Dem Erfordernis der Eindeutigkeit und Endgültigkeit einer Erklärung im Sinne des § 115 Abs. 2 S. 3 VVG ist genügt, wenn die Reaktion des Versicherers zweifelsfrei erkennen lässt, dass er gegen den Grund des Anspruchs keine Einwendungen erhebt und er auch die Höhe künftiger Forderungen gegebenenfalls dann nicht beanstanden wird, wenn sie belegt werden (OLG Rostock DAR 2002, 128; OLG Hamm DAR 2002, 127).

 

Rz. 145

Ein Abfindungsvergleich dagegen (auch einer unter Vorbehalt) beendet regelmäßig die Hemmung (BGH r+s 1999, 109; OLG Hamm r+s 1999, 105).
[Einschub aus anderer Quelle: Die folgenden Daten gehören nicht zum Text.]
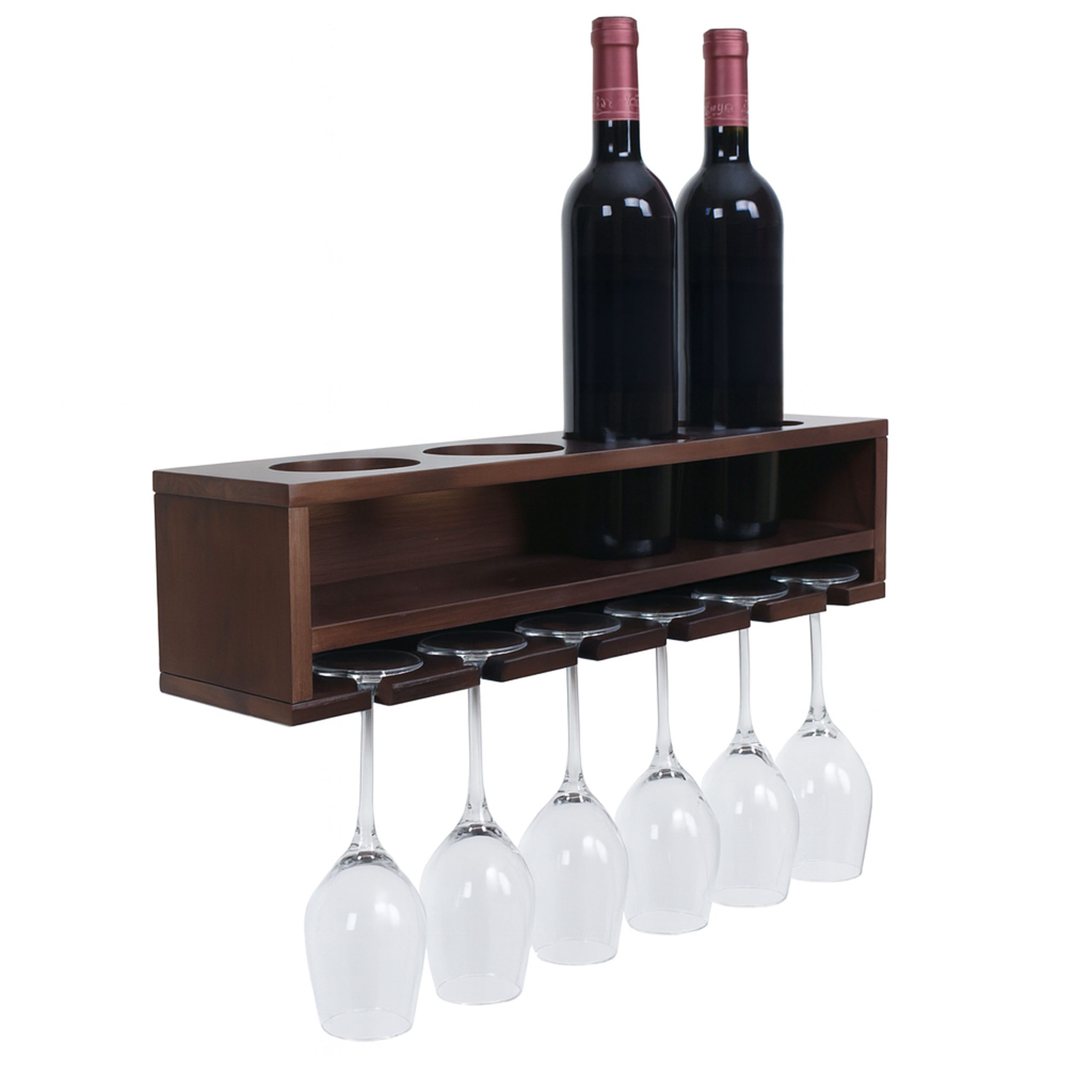 MCW Weinregal MCW-P21, Platzsparende Wandbar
Ein solcher Abfindungsvergleich, in dem eindeutig die Einstellung des Kfz-Versicherers zum Ausdruck kommt, dass die Schadensregulierung endgültig abgeschlossen ist, beendet die Hemmung der Verjährung gem. § 115 Abs. 2 S. 3 VVG sogar für die in diesem Vergleich vorbehaltenen Ansprüche auf Ersatz erst in Zukunft möglicher materieller Schäden, soweit diese von der Anspruchsanmeldung umfasst sind (BGH zfs 2002, 226 ff. = DAR 2002, 209; a.A. OLG Frankfurt zfs 2002, 277 ff. = DAR 2002, 267; siehe auch LG Lüneburg zfs 2002, 279 f. m. Anm. Diehl).

 

Rz. 146

Ein Zukunftsschadensvorbehalt stellt auch keinen Verzicht auf die Einrede der Verjährung dar. Hier hilft nur ein Feststellungstitel oder eine titelgleiche Erklärung des Versicherers weiter.